» **Task brief**:
The required output is the stretch from the line containing "So let me go" through the line containing "Once you do" in the records below, unaltered and with no pictures.

» **Data for analysis**:
■ ■ ■ ■
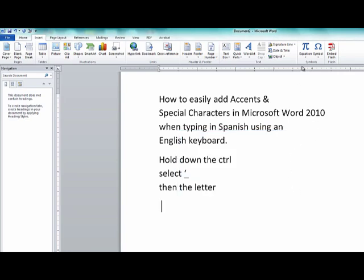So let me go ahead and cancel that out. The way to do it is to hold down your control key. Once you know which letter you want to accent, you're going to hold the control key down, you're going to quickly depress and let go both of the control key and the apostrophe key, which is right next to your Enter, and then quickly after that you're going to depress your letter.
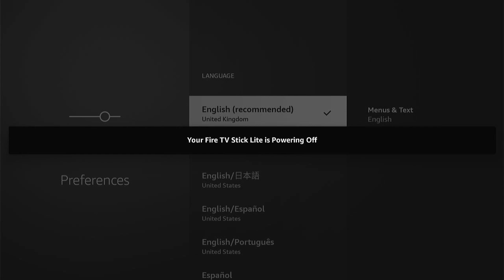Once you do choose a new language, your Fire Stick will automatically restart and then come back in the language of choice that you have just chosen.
■ ■ ■ ■
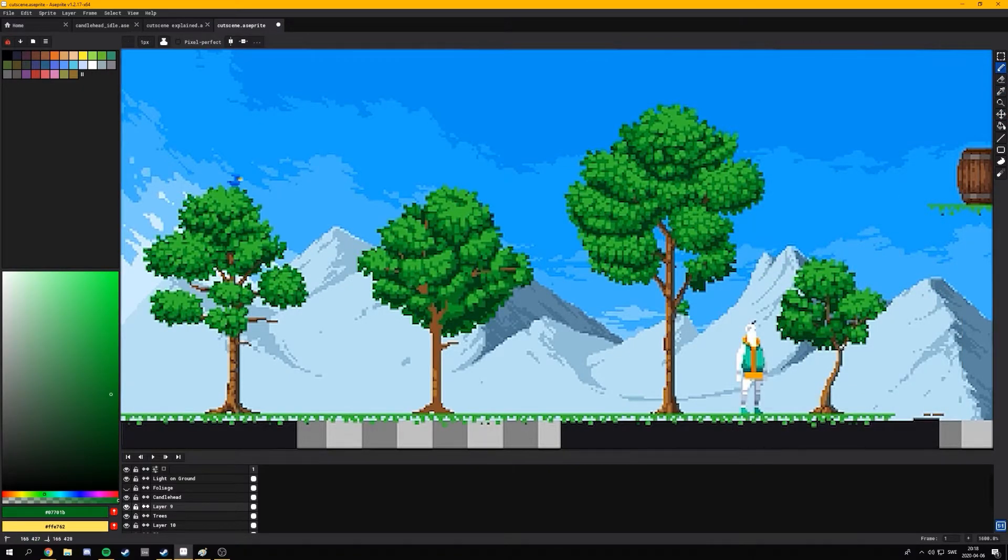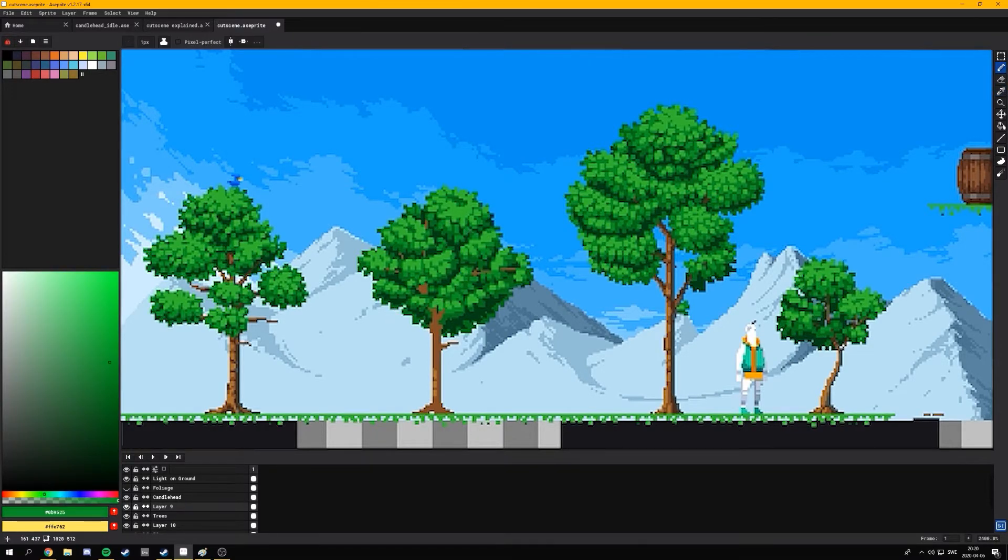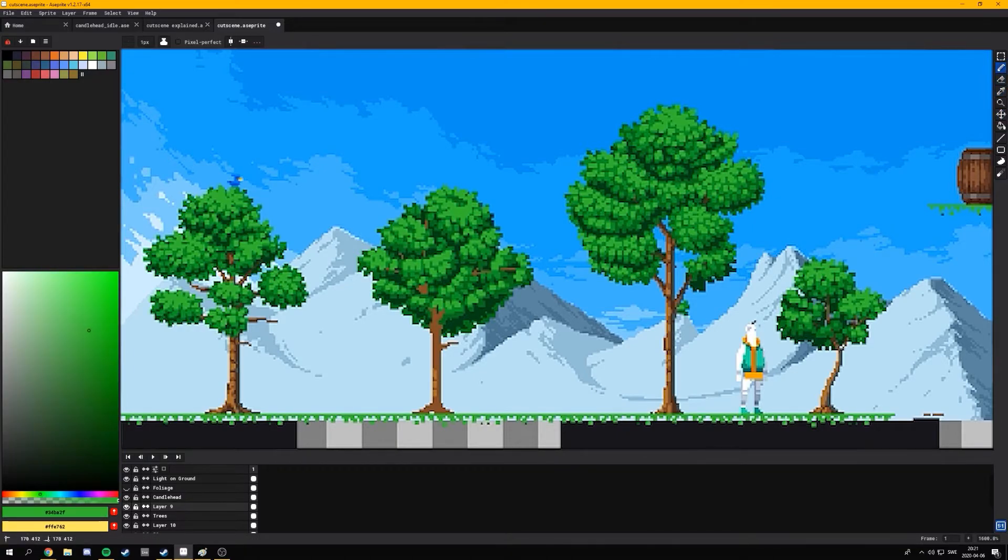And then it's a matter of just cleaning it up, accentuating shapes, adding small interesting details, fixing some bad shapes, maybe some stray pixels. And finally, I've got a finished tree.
■ ■ ■ ■
» **Result of this task**:
So let me go ahead and cancel that out. The way to do it is to hold down your control key. Once you know which letter you want to accent, you're going to hold the control key down, you're going to quickly depress and let go both of the control key and the apostrophe key, which is right next to your Enter, and then quickly after that you're going to depress your letter.
Once you do choose a new language, your Fire Stick will automatically restart and then come back in the language of choice that you have just chosen.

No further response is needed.